▶ **Collected material**
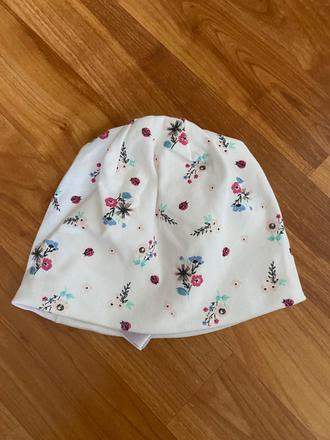 Čiapka takko, takko,62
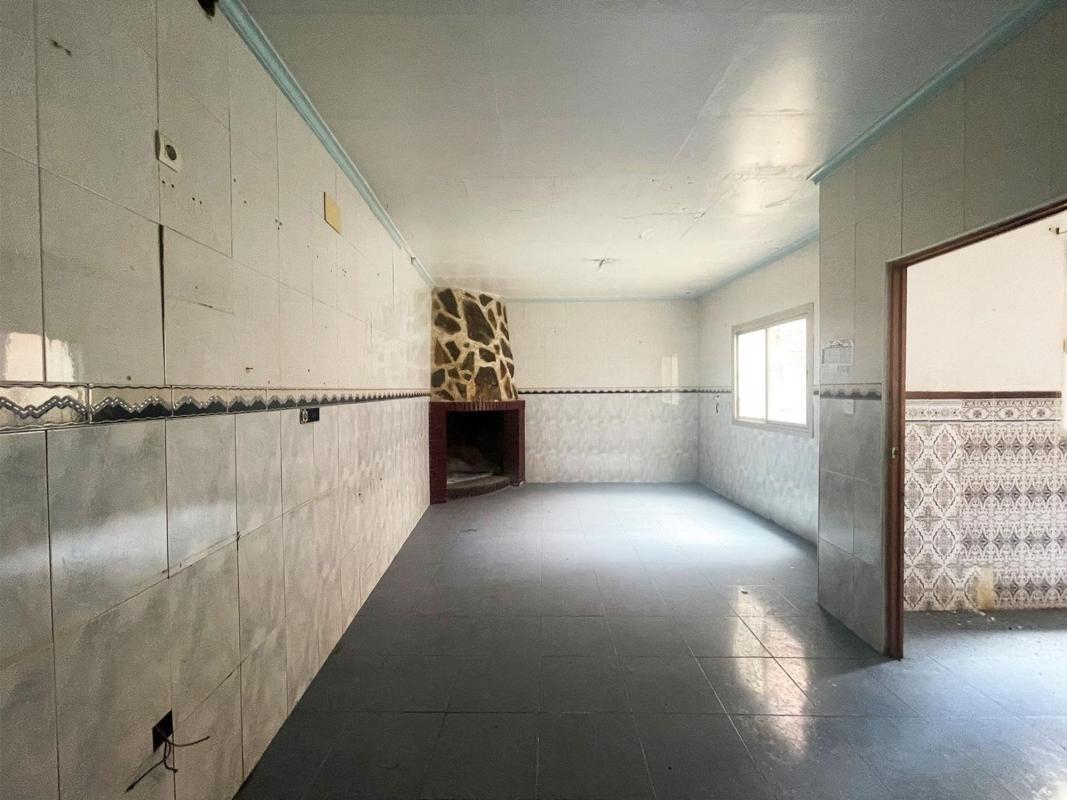 Sprzedaż niezależnego domku jednorodzinnego w Casa o chalet en Quintanar de la Orden, Quintanar de la Orden photo 4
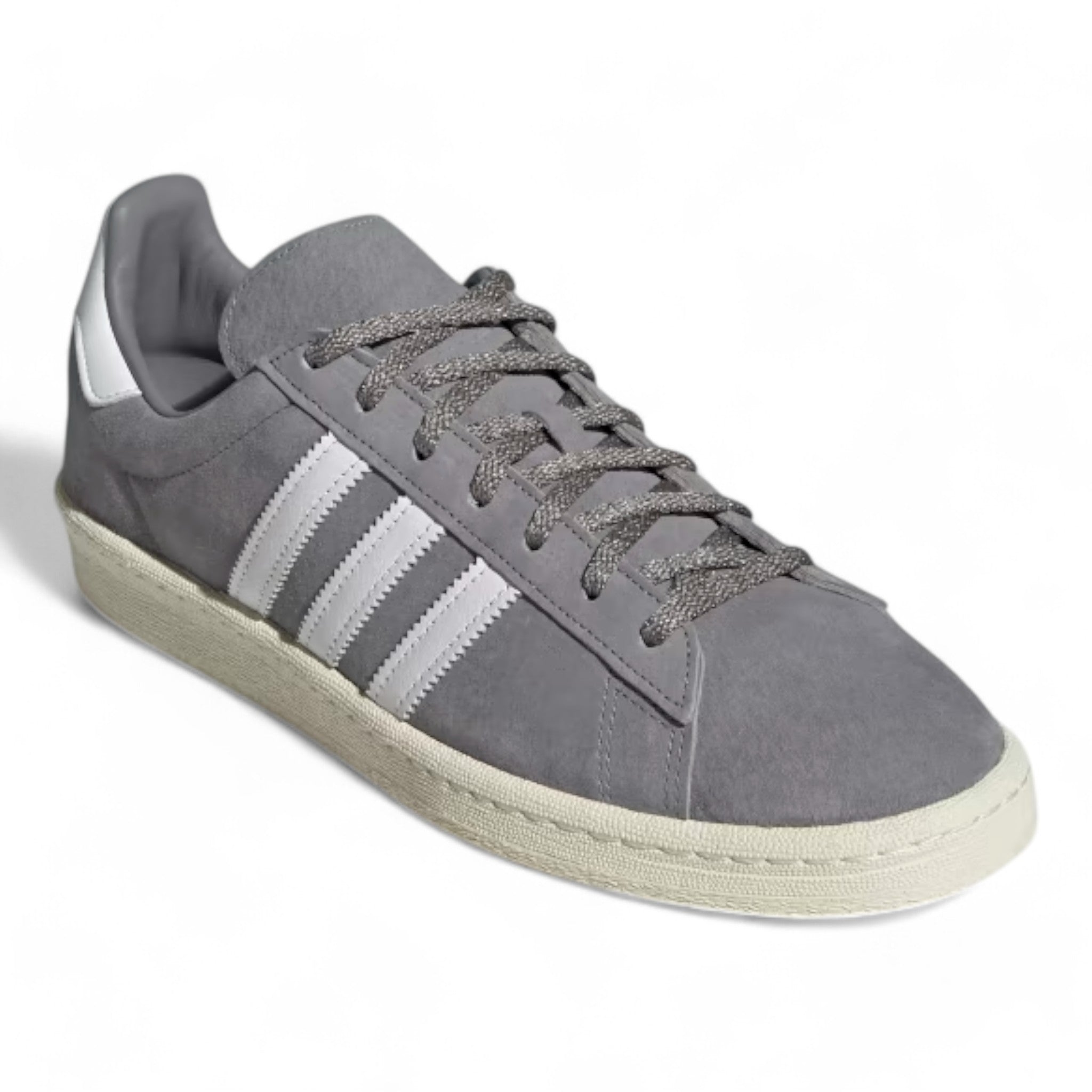 Adidas Campus 80S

▶ **What is needed**
From the first line to the last, reproduce the listing above exactly, leaving the pictures out.

▶ **Finished exercise**
 Čiapka takko, takko,62
 Sprzedaż niezależnego domku jednorodzinnego w Casa o chalet en Quintanar de la Orden, Quintanar de la Orden photo 4
 Adidas Campus 80S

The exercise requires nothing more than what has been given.